President Trump, as he frequently does, took to Twitter on Wednesday warning that Iran “or its proxies” were planning a “sneak attack” on some of the 5,000 U.S. troops inside Iraq. He issued a warning of his own that if their troops or proxy militias conducted such an attack that the Iranians would pay a “very heavy price.”

Pentagon spokesman Sean Robertson said that “the U.S. is moving defensive systems into Iraq to protect Iraqi, coalition, and U.S. service members from a variety of air threats seen at Iraqi bases that host coalition troops.”

“It is important to note that repeated attacks on Iraqi bases, which violate Iraqi sovereignty, have killed and injured Iraqi, coalition, and U.S. service members. The establishment of ground-based air defenses in Iraq continues, but for operational security reasons, we are not providing status updates as those systems come online,” he added. 

“The Iraqi Government is well aware of our collective need for air defense protection of service members within Iraq, and we continue to coordinate closely with our Iraqi counterparts.”

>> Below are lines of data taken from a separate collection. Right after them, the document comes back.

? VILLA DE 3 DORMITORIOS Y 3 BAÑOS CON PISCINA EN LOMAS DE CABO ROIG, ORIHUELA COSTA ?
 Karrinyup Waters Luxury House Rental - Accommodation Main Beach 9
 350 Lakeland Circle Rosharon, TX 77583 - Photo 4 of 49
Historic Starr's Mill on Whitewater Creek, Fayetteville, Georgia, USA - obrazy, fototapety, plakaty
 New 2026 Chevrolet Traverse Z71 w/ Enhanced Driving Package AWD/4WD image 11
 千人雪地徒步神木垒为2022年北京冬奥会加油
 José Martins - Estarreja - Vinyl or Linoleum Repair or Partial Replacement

The Patriot (MIM-104) is a long-range, all-altitude, all-weather air defense system made to counter tactical ballistic missiles, cruise missiles, and advanced aircraft. The U.S. deployed the Patriot missile systems during the 2003 Iraq conflict. This system was stationed in Kuwait and destroyed a number of hostile surface-to-surface missiles using the new PAC-3 guidance enhanced missiles. The Patriot missile system uses its ground-based radar to find, identify, and track the targets. The new Patriot advanced capability (PAC-3) missile has increased effectiveness against tactical ballistic and cruise missiles through the use of advanced hit-to-kill technology.

The SeaRAM CIWS is normally placed on Navy ships and is a complete combat weapon system that automatically detects, evaluates, tracks, engages, and performs kill assessment against ASM and high-speed aircraft threats in an extended self-defense battlespace envelope around a ship.

CIWS is a close-in weapon system against airborne threats such as anti-ship missiles and helicopters. The U.S.Navy normally uses a Phalanx CIWS system consisting of a radar-guided 20 mm Vulcan cannon mounted on a swiveling base. The land variant, known as the LPWS (Land Phalanx Weapon System), part of the C-RAM system, has recently been deployed in a short-range missile defense role, to counter incoming rockets, artillery, and mortar fire.